Why doctors should ask you about your sexuality

NHS England has announced that medical professionals will now be able to ask patients over the age of 16 important questions about their sexuality. This will help the NHS provide better care for vulnerable people, improve our insights into LGBT people in society and has many more benefits.

Unfortunately, there has been a backlash to the findings with many people worried about its intrusiveness and straight people outraged that their sexuality is not going to be treated as the default setting in the GPs office. However, there are many reasons why doctors should be asking these questions.

These statistics are badly needed. There is very little large-scale monitoring of the relationship between sexuality and medical conditions. Matthew Todd, in his book Straight Jacket, talks about how this lack of data is holding back important care for LGBT people.

As a community, we are disproportionately more likely to suffer from a variety of medical issues, including mental health conditions, drug and alcohol dependency, sexual health conditions and loneliness, yet these go unrecorded.

A lot of the backlash claims that people’s sexuality does not matter and that medical care should be the same for everyone. Nonetheless, being gay, bisexual, lesbian or a different sexual orientation can be significant in a person’s life story and medical needs. At the moment, anecdotal evidence is the bulk of what we have, which means it is not taken as seriously in government and NHS planning.

The LGBT Foundation found that LGB people are twice as likely to have suicidal thoughts or make attempts than heterosexual people and are two to three times more likely to suffer from depression.

A third of gay or bisexual men that used healthcare services in the previous year reported a negative experience regarding their sexual orientation.

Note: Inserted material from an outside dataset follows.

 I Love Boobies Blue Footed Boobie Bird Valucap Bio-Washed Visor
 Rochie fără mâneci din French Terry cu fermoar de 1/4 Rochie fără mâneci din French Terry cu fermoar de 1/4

This clearly shows that something needs to change and greater awareness of the unique needs of their patients could help well-trained and tolerant doctors offer a better service.

Another benefit of this policy will directly help LGBT people. It takes the burden of disclosing their sexuality away from the patient. Approaching a medical professional about anything sexual health related is a daunting and worrying experience for most LGBT people. Just like with everyone else in society that you interact with, you have to look for clues as to how they will react and prepare yourself for the worst.

As a gay man, I believe that doctors should be asking patients important questions about their sexuality.
If the doctor asks the question first, it may diffuse this tension and help make the patient more comfortable being open about their own experience and medical needs. Some people may find it intrusive, but for the people that are directly affected, it could be a huge relief.

For example, I would have preferred this system in many of my medical interactions. When I went for my first every sexual health test, an important thing for all LGBT people, it was a nerve-wracking experience. I was asked to fill out a series of forms and disclose a range of personal things, including medical history, gender and sexual history.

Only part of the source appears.